C’era una volta uno Stato che si prendeva cura dei cittadini. La nostra favola inizia così: nel patto per la Modernità ognuno aveva un ruolo con diritti e doveri. I cittadini si facevano in quattro, spostandosi dove il capitale aveva organizzato la loro vita industriale. Grazie all’impianto costituzionale i compiti erano assegnati scrupolosamente. L’Italia è una Repubblica fondata sul lavoro secondo l’art.1, quindi ogni cittadino è chiamato a questo dovere. In cambio (art.32) la Repubblica tutela la salute come fondamentale diritto dell’individuo e interesse della collettività.

Insomma il contratto si basava sulla reciprocità, il vecchio do ut des di diritto romano. Il Just in Case (lo si fa come precauzione, per prevenire danni possibili) si fonda proprio su tale reciprocità: nel caso succeda qualche problema ci si cautela con un dimensionamento abbondante. Se il massimo danno possibile è 10 ci si attrezza per 10 anche se normalmente il danno è solo 1. Just in case…..

Dal punto di vista commerciale questa era la prassi di gestione dei ricambi, ad esempio. Ogni rivenditore aveva un magazzino che sapeva offrire quanto l’attività richiedeva. Metti che ci siano due identiche rotture, si rende necessario almeno due pezzi di ricambio identici. Di solito non succede, ma just in case…..

 

Poi qualcosa cambia. La gestione delle risorse affonda le proprie radici nel terziario avanzato, ovvero nei servizi ad alto valore aggiunto, pilastro fondante del nuovo capitalismo. La logistica diventa preda dell’ottimizzazione, ovvero del taglio di quei “rami” che nel Just in Case erano importanti per garantire risultati positivi in caso di criticità e che nel nuovo sistema sono improvvisamente diventati secchi, quindi da tagliare.  L’economia occidentale tardo-industriale si basa, in buona sostanza, sull’affidabilità dei trasporti più che sulle scorte in loco.

Il tempo in cui questo avviene è quello della frantumazione dell’afflato modernista e dell’impetuoso affacciarsi sulla scena del capitalismo speculativo. La postmodernità sta entrando prepotentemente nelle nostre vite.

Alla base della filosofia del JIT qualsiasi scorta di materiale, semilavorato o prodotto finito è uno spreco, uno spreco di risorse economiche, finanziarie e un vincolo all’innovazione continua. Con il JIT si riducono enormemente i costi di immagazzinaggio, gestione, carico e scarico di magazzino.

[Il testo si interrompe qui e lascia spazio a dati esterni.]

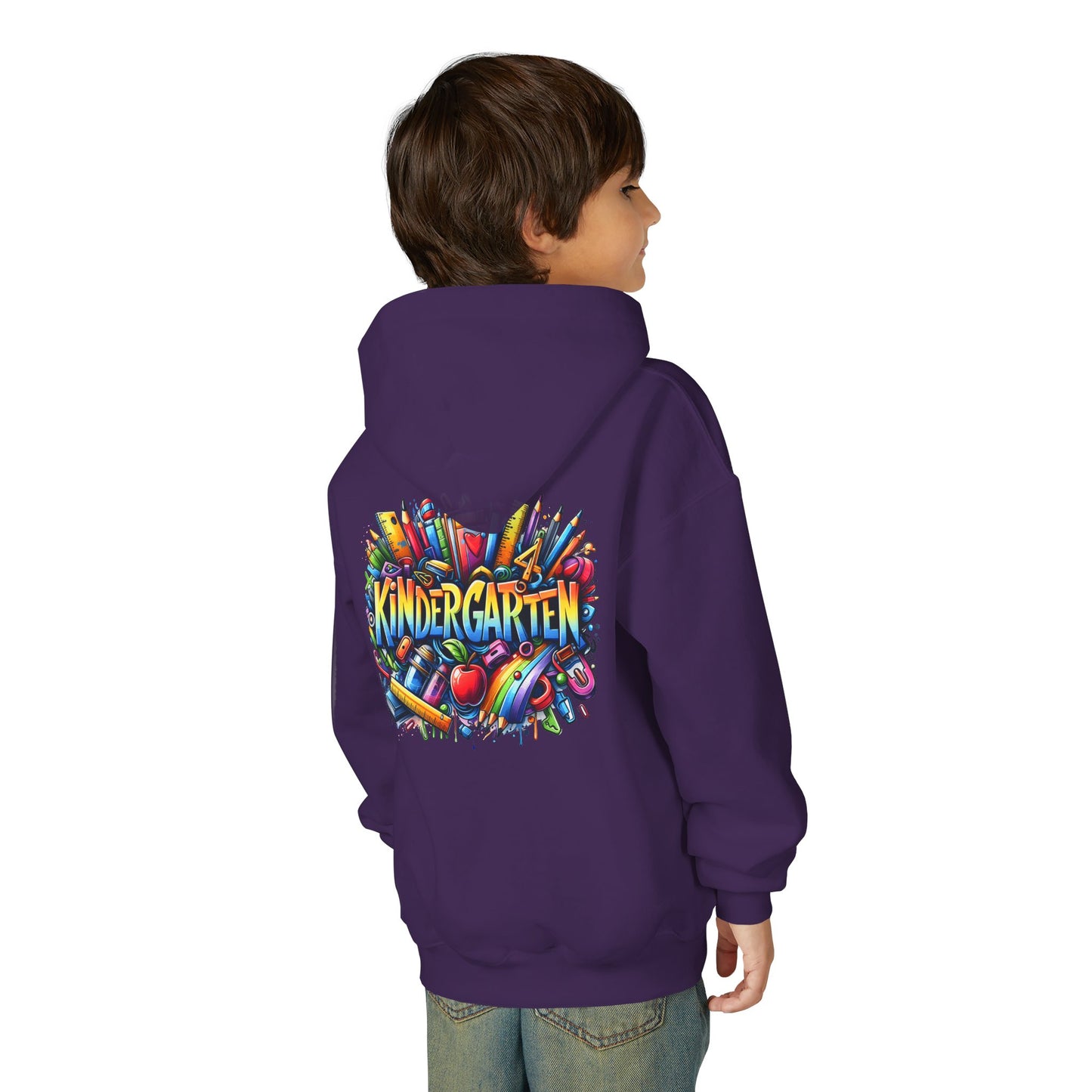 Kindergarten Kids Hoodie — Colorful School Supplies Back-to-School Sweatshirt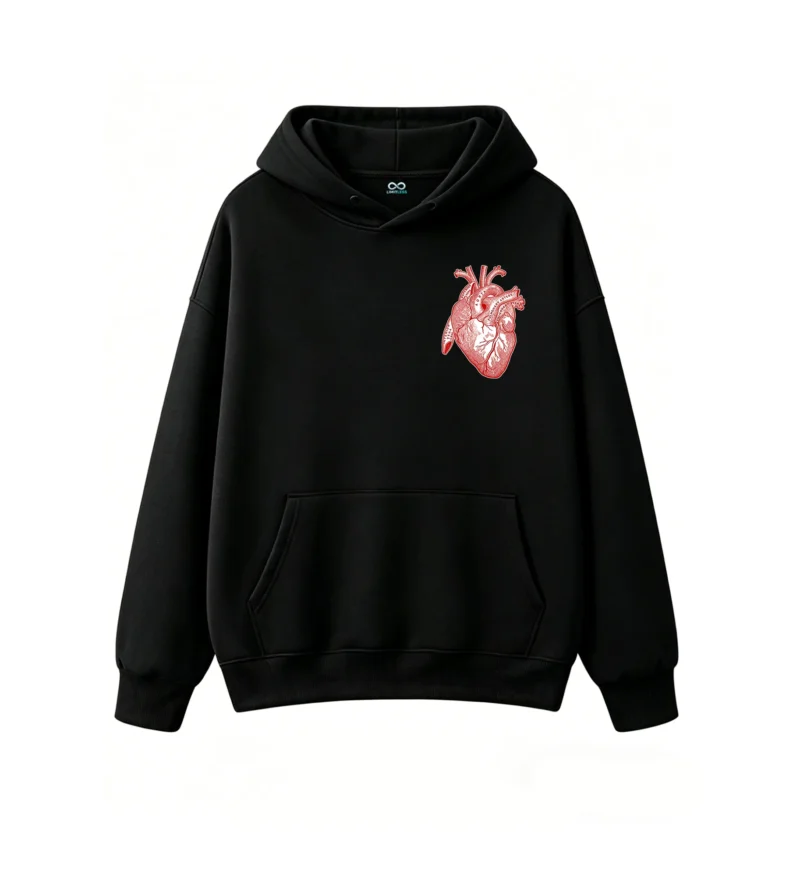 主图_1 Buzo con Capucha Algodón Estampado Corazón Anatómico Diseño Premium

Fu negli anni ottanta una delle principali cause del vantaggio competitivo giapponese. [1]

Esiste una coincidenza temporale: quando entra in funzione il JIT , inventato dalla Toyota, entra in funzione anche il capitalismo speculativo.

La prima notevole diffusione dei derivati si ebbe nel periodo 1989-1992, al termine del quale la loro consistenza complessiva arrivò a sfiorare i 20.000 miliardi di dollari.[2]

 

Le due manovre, quella riorganizzativa dei settori produttivi e quella speculativa sono sincronizzate. Lo Stato nel frattempo, aizzato da Maître à penser quali Dalla Luna (“Silvio Berlusconi…i suoi soldi gli consentono di fare politica senza dover soggiacere al marcio e inefficiente sistema precostituito” [3]) con Berlusconi al governo decide di non essere più stato ma azienda: la logica dello Stato, “marcio e inefficiente sistema” va inevitabilmente sostituita. Lo Stato deve diventare azienda. Privato è bello, e tutti nel mondo sembrano adorare le nuove regole di filosofia economica: Reagan, Thatcher, Prodi, Berlusconi… La deregulation è, secondo la Treccani, il “processo di snellimento di norme e regolamenti originariamente intesi a regolare, nell’interesse pubblico, determinati settori dell’attività economica.”[4]

Notate la finesse: snellimento nel nostro interesse. Una figata, insomma. Come non averci pensato prima? Snellire nel nostro interesse, nel vocabolario economico italiano, ha un cognome ben preciso: Cimoli.

Chi era costui? Un manager dalla carriera fulminante, arrivato ai vertici delle industrie italiane (Montedison, Montefibre, Enimont, Edison) per passare, grazie a Prodi, a “risanare” (a suon di stipendi milionari) le Ferrovie dello Stato, trasformate in Trenitalia.

I risultati dell’amministrazione di Cimoli sono deleteri e portano le Ferrovie Italiane al disastro economico e ad una totale inefficienza del servizio. Lascia FS nel 2004 con un premio di buona uscita di 6.700.000 euro e viene nominato dal governo Berlusconi al vertice della compagnia Alitalia.[5]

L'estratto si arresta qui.